World Jewish News
Yemen protests claim lives
09.03.2011, Israel and the World Two protesters have died in Yemen as demonstrations calling for Ali Abdullah Saleh, the Yemeni president, to step down continue across the country.
A supporter of the president was killed during clashes with anti-government protesters in the southern province of Hadramaut on Wednesday, a security official told the AFP news agency.
He said that another person was also injured in that clash.
Meanwhile, an anti-government protester who was shot when the army raided a university campus in the capital, Sanaa, has succumbed to his wounds, doctors said.
Mohammed al-Abahi, one of the doctors volunteering at the campus, said Mohammed Ali, 24, died early on Wednesday morning.
He said that six other protesters also sustained bullet wounds in the raid by police on the anti-government demonstration and are in serious condition.
Army troops stormed the campus late on Tuesday, shooting live ammunition, rubber bullets and firing tear gas.
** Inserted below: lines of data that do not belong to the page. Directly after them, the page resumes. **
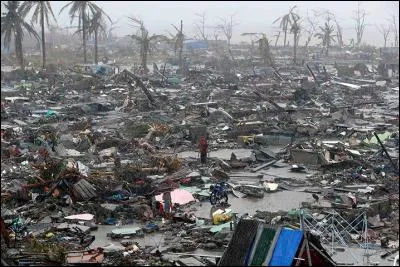 Quel pays a refusé d'ouvrir sa frontière aux ONG, lors du passage du cyclone Nargis, en mai 2008, causant la mort de 138 000 personnes ?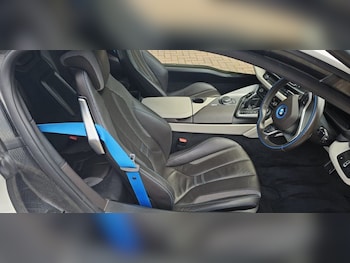 Used BMW i8 2017 for sale - 79276666: Photo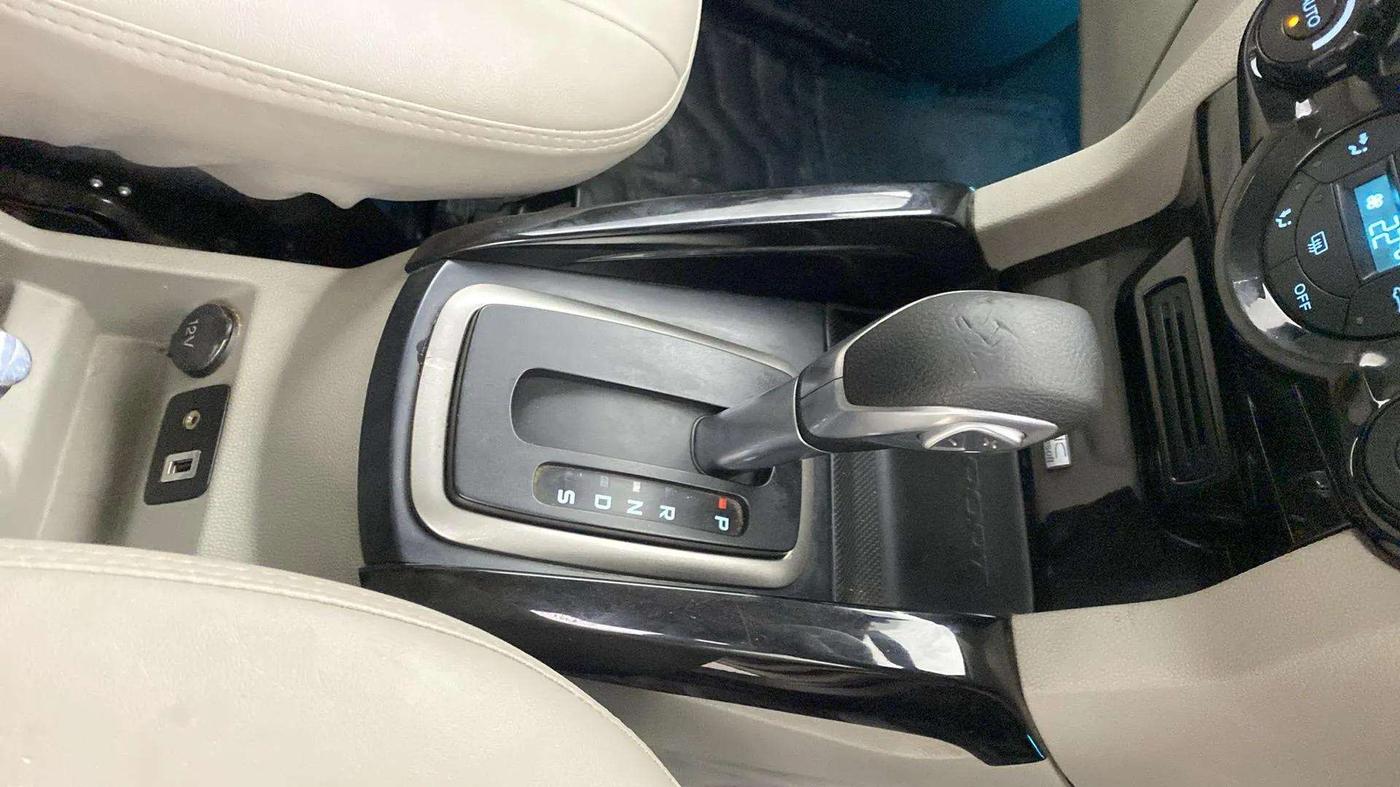 2015 Ford Ecosport TITANIUM 1.5L PETROL AT, Petrol, Automatic, 50,397 km, Gear Lever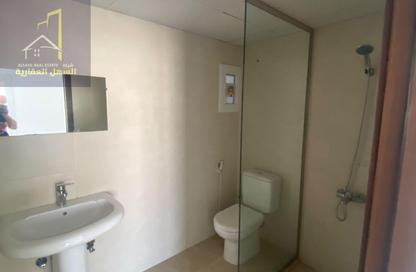 Villa - 3 - 5 for rent in Al Jazzat - Al Riqqa - Sharjah
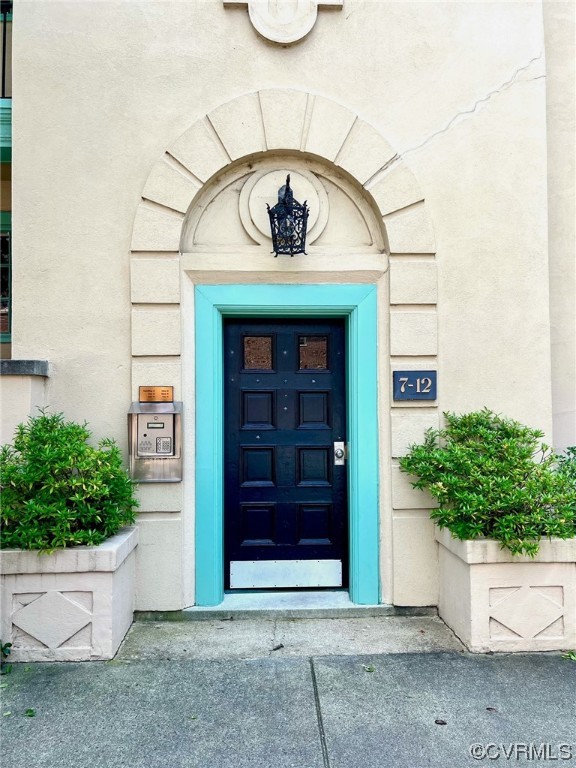 515 North Arthur Ashe Boulevard, Unit U9 Richmond, VA 23220 - Photo 2 of 18 a view of building with potted plants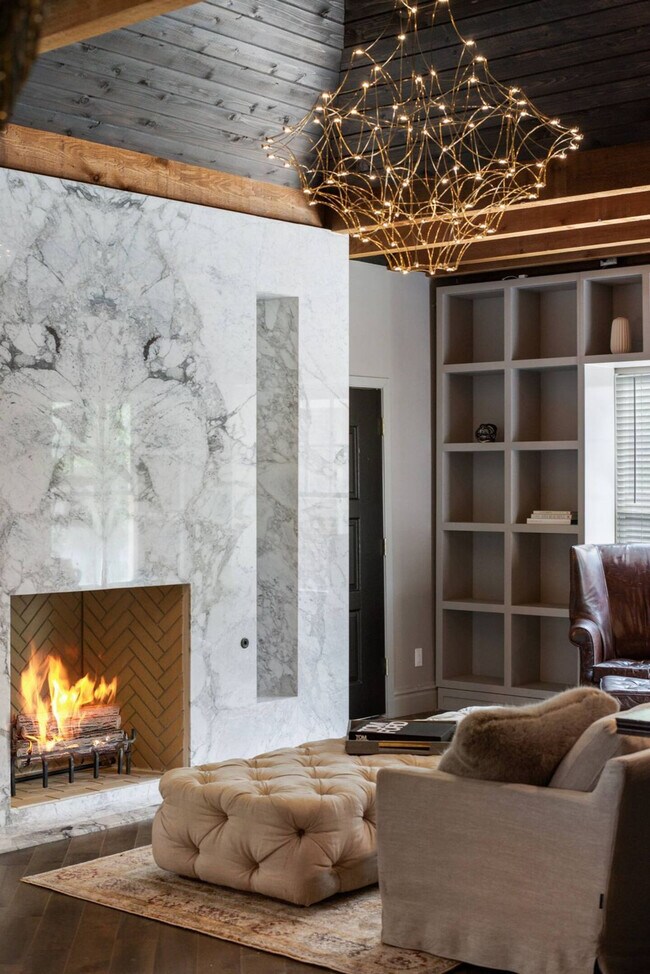 Foto del edificio - 717 Ridgeway St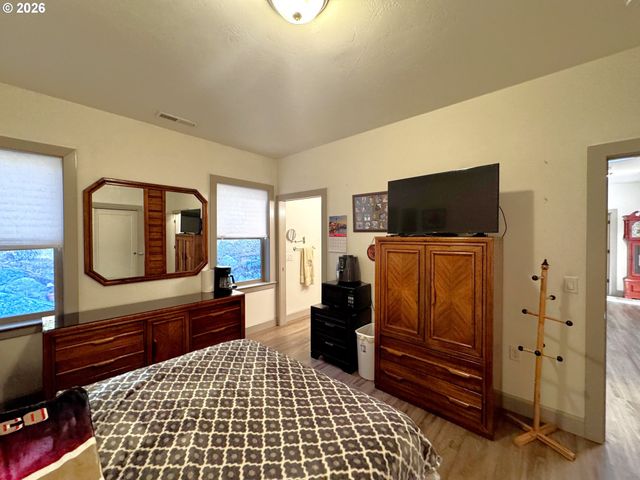 929 OLD COUNTY Rd, Brookings, OR 97415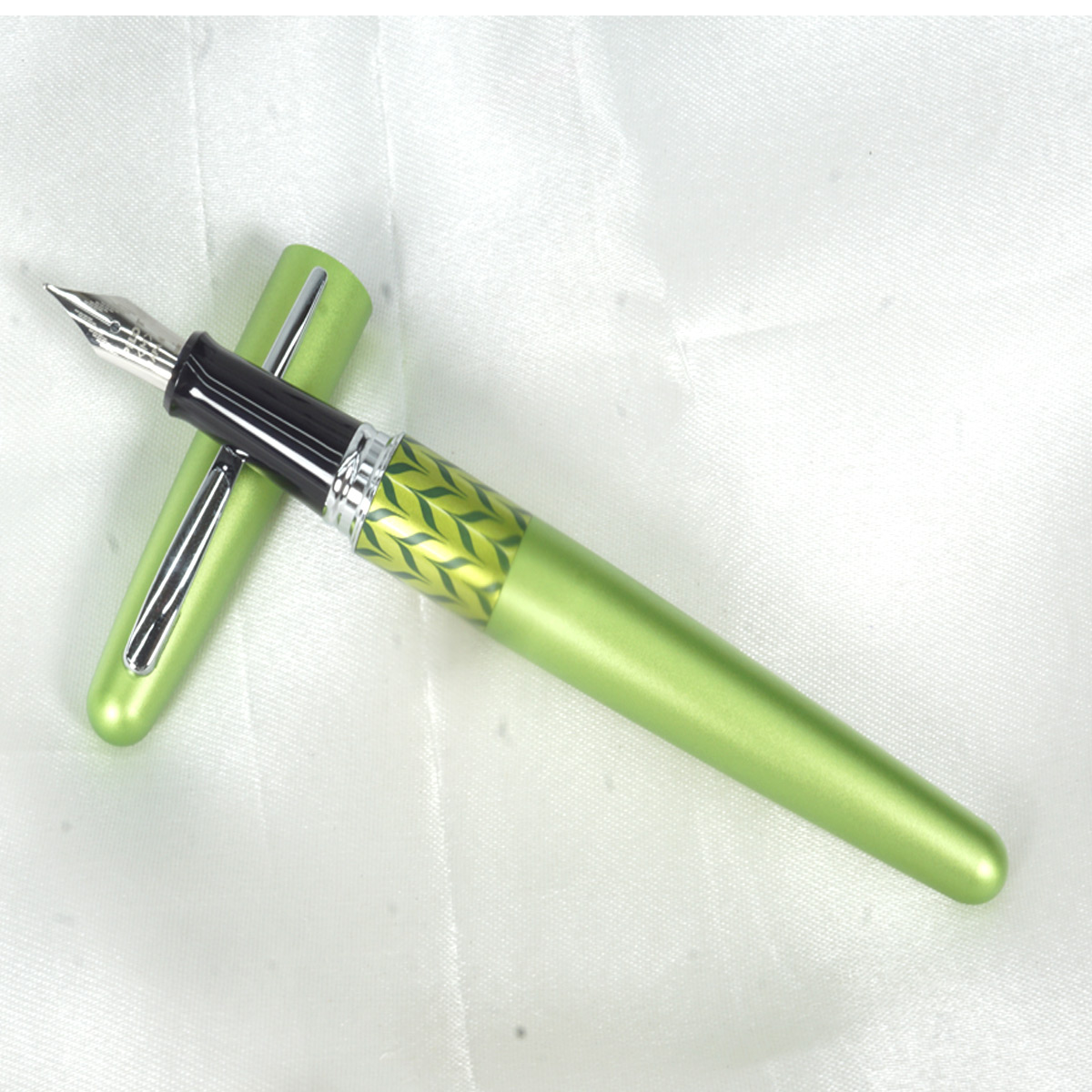 Pilot MR 3 Retro Pop Collection Metallic Light Green Medium Nib Silver Trim  Fountain Pen SKU 27157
About 90 protesters sustained gas inhalation and minor injuries in the raid.
A security official said that 12 policemen were injured by rocks hurled by demonstrators.
Police had initially intervended to prevent protesters from erecting tents in a street close to the university's main square, where anti-government protesters have been camping since February 21.
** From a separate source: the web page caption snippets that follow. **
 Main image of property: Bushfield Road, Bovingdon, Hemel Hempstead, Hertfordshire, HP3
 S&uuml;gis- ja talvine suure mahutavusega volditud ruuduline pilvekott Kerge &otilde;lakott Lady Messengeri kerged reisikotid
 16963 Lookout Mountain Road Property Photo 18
"Some protesters opened fire on the police causing security forces to respond similarly," one of the wounded policemen told AFP on condition of anonymity.
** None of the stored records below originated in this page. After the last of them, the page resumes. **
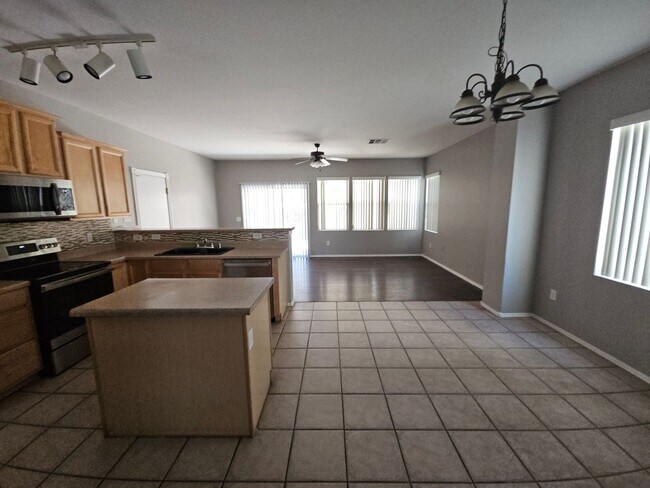 Foto del edificio - 4bd 2.5 bth 43rd Ave and vineyard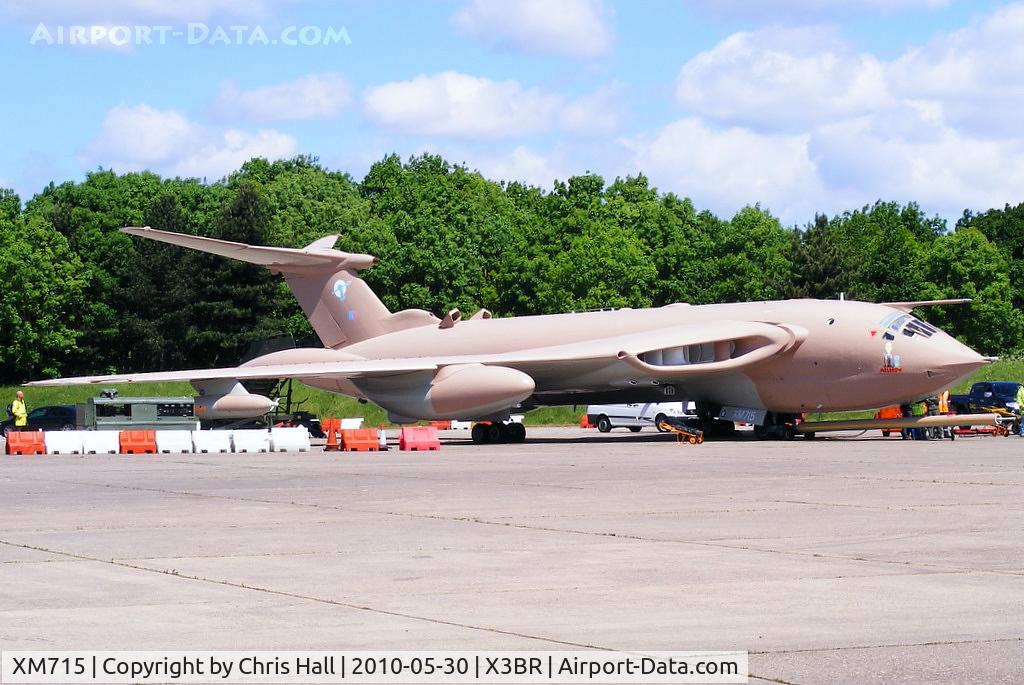XM715, 1963 Handley Page Victor K.2 C/N HP80/83, 'Teasin' Tina' before its fast taxy run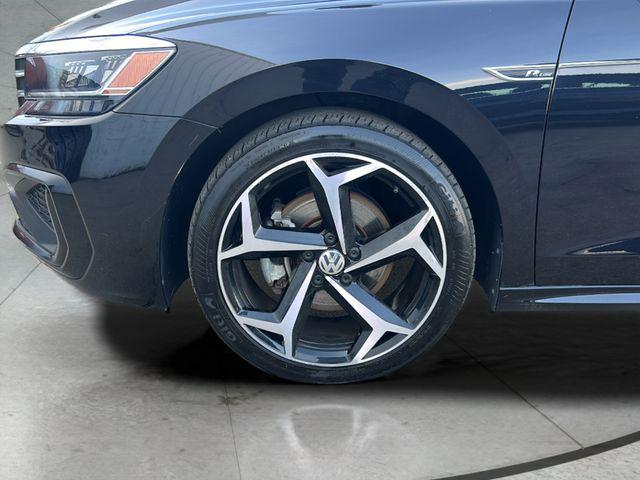 2022 Volkswagen Passat 2.0T R-Line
"When the protesters heard the shooting, around 1,000 of them gathered to attack security forces, but the police had to use tear gas to disperse them," he said.
'Personally accountable'
An alliance of parliamentary opposition groups condemned on Wednesday the police action.
"Even the medical teams coming to rescue the wounded were not spared the attacks," Mohammed Qahtan, a spokesman for the bloc, said in a statement.
The alliance said that it held Saleh "personally accountable for the crime committed by the central security and the republican guard against the students".
Hashem Ahelbarra, Al Jazeera's correspondent in Sanaa, said the situation there was "delicate ... but the mood is extremely defiant on the university square, where thousands gathered today saying that despite the bloody assault by security forces yesterday, they are determined to continue their fight to topple [the president]".
"It is definitely heaidng towards a political crisis. The clerics of Yemen have just issued a statement saying that Ali Abdullah Salah still clings to power - he has rejected one of the proposals by the opposition for him to step aside by the end of this year to allow for the constitution of a new interim government," he reported.
"The clerics have warned the government, the president and the opposition that unless an immediate dialogue starts now, it might just be too late for Yemen to wrap up the differences that are likely to drag the nation into one of the worst episodes of unrest it has seen in modern times."